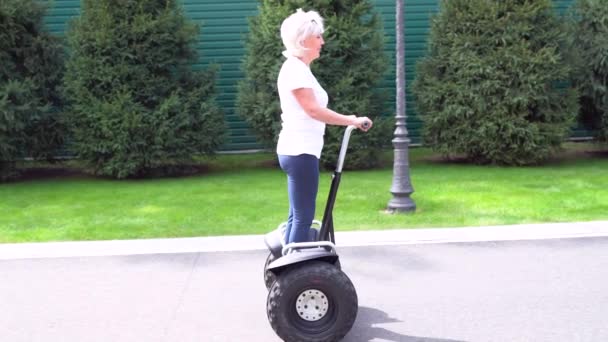 Femme chevauchant un transporteur personnel électrique le long d'une rue — Video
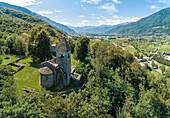Panoramic of medieval Abbey of San Pietro in Vallate from drone, Piagno, Sondrio province, Lower Valtellina, Lombardy, Italy, Europe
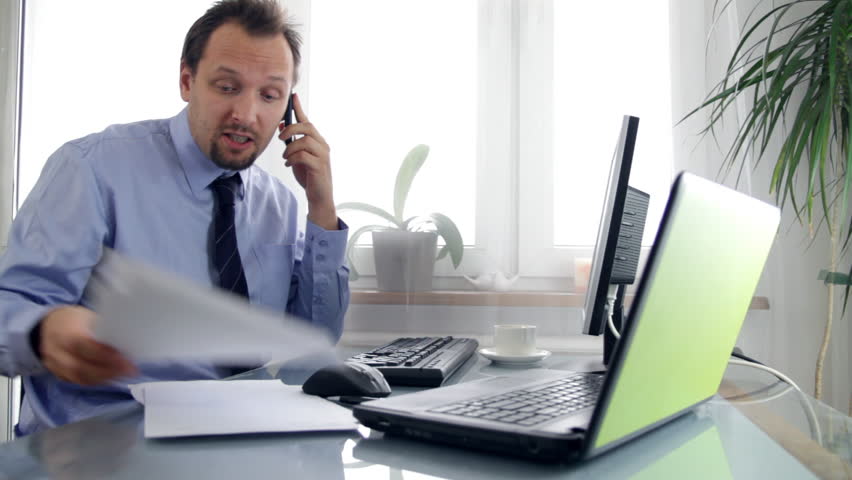 Angry businessman in the office talking on mobile phone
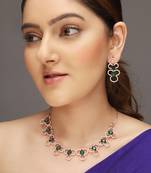 Rose gold-plated ad stone-studded handcrafted emerald jewellery set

* _Task brief_: All of the data above should be printed again exactly, though none of the pictures belong in the copy.

* _Solution_:
 Femme chevauchant un transporteur personnel électrique le long d'une rue — Video
Panoramic of medieval Abbey of San Pietro in Vallate from drone, Piagno, Sondrio province, Lower Valtellina, Lombardy, Italy, Europe
 Angry businessman in the office talking on mobile phone
 Rose gold-plated ad stone-studded handcrafted emerald jewellery set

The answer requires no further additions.